By Graham Vogt, Assistant head of School, Academics
Here is a discussion I love to facilitate: Learning Skills assessments on a “Report Card” are more important than number grades. Much, MUCH more important! Of course, the immediate urgency of a 12th Grade student highly focused on a post-secondary program of choice might indicate otherwise. Indeed, it is an unfortunate bi-product of most post-secondary admissions processes that students' mindsets are shifted away from growth, and an ongoing self assessment of learning, towards specific outcomes and grades. We certainly understand how important grades are to our highly-motivated students, and so we continually work to acknowledge the external pressures by balancing our approach and shifting focus whenever possible. It is the feedback of a Learning Skills assessment, not the number grade, that has the greater potential to draw students into a deeper understanding of tendencies, approaches, strengths and challenges. At RLC, we work to ensure success in future academic pursuits, and all aspects of life beyond. It is the intentional development of skills, and a deeper understanding of self, that best ensures this success. Chasing outcomes can often undermine that development.

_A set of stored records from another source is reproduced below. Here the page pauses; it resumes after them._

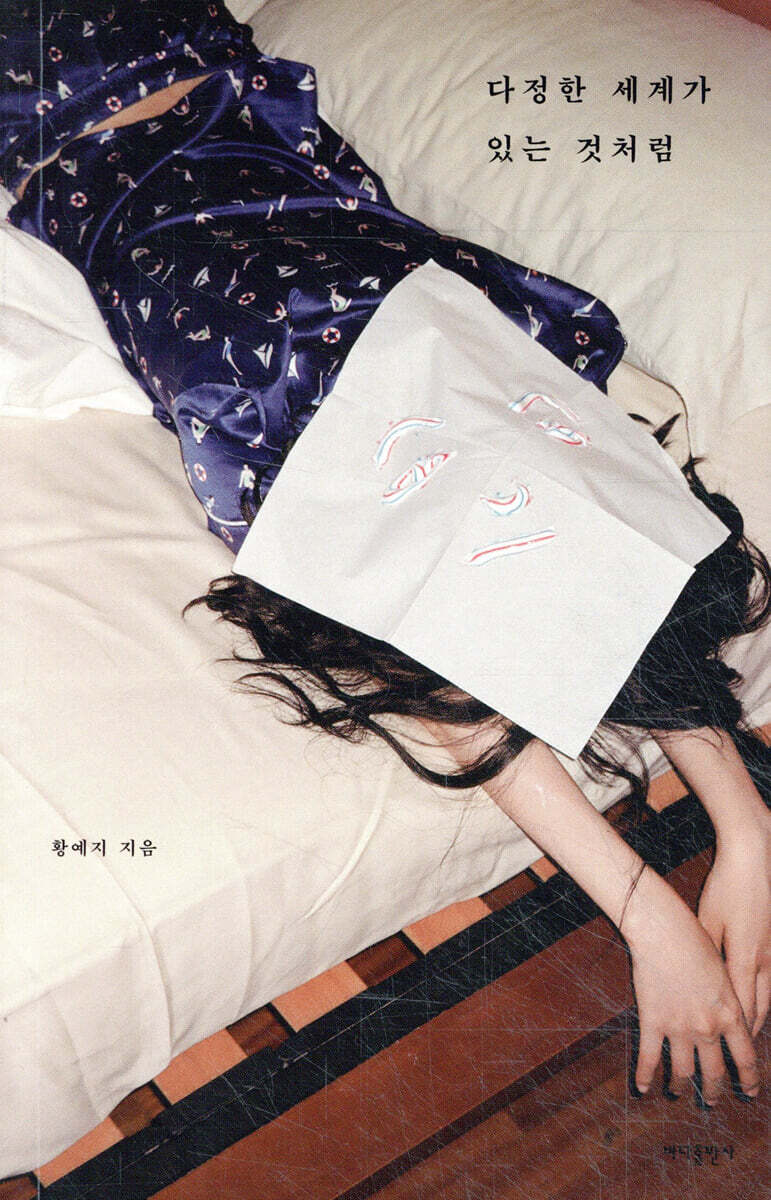 다정한 세계가 있는 것처럼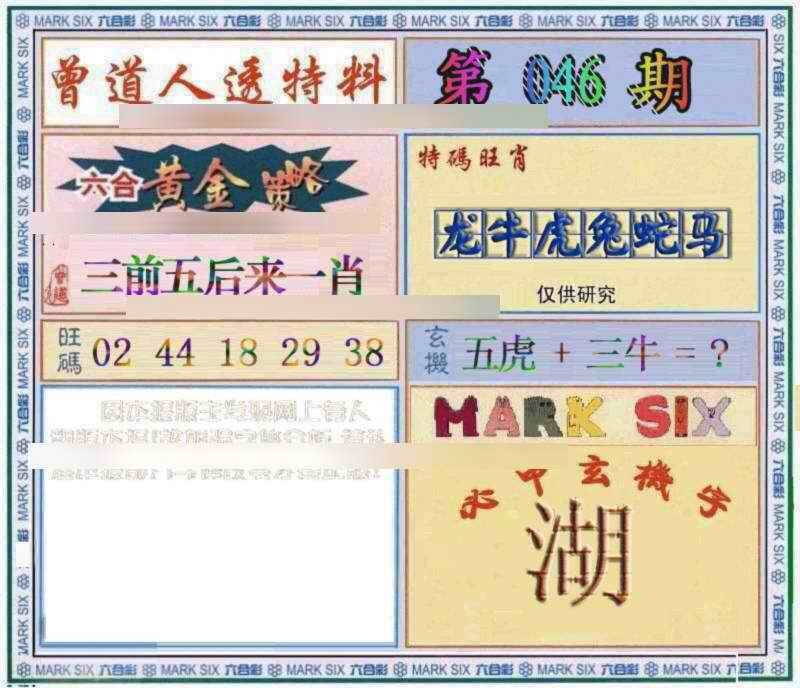 港彩图库 2026 曾道人透特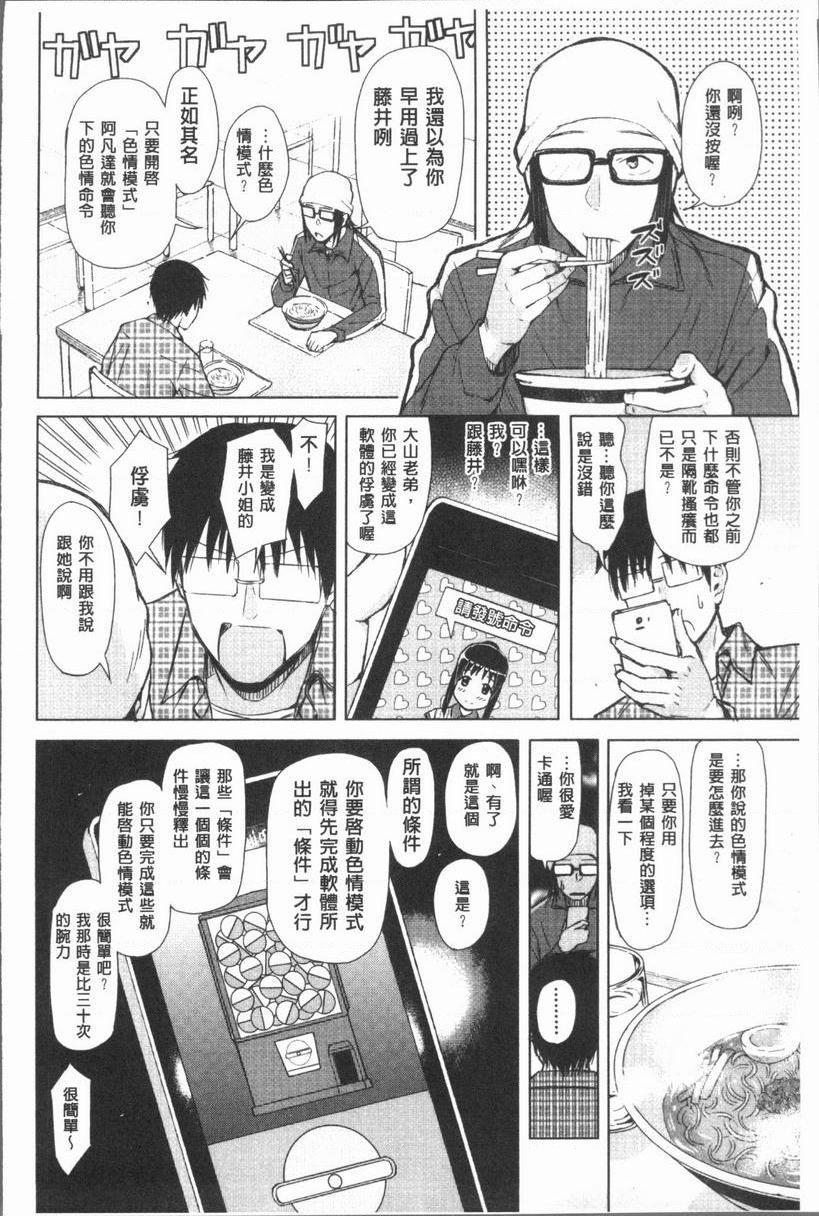 [日本漫画] 手机命令服从♥顺从的她 单本,巨乳大奶,黑丝丝袜,女学生,巨尻,眼镜#[43P]-28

For our Progress Reports, we intentionally omit grades as a way to better highlight Learning Skills. More powerfully, we engage each of our students in self reflection, borrowing from the enduring and powerful wisdom of John Dewey: “we do not learn from experience… we learn from reflecting on experience.” This is not just a process of self assessment for the students; it is building the skill of openly receiving feedback to further develop approaches to learning by refining and building strategies. Therefore, the learning skills indicators do not represent judgments from teachers, but rather professional observations that provide opportunity for continued growth. Parents can support student growth by helping to draw students into a deeper understanding of each Learning Skill and the feedback provided by the teacher. The student reflection should indicate a student’s current sense of self. It may even provide a template into how to best support student growth. At the very least, it is an invitation to a greater learning-focused (as opposed to outcomes-focused) discussion.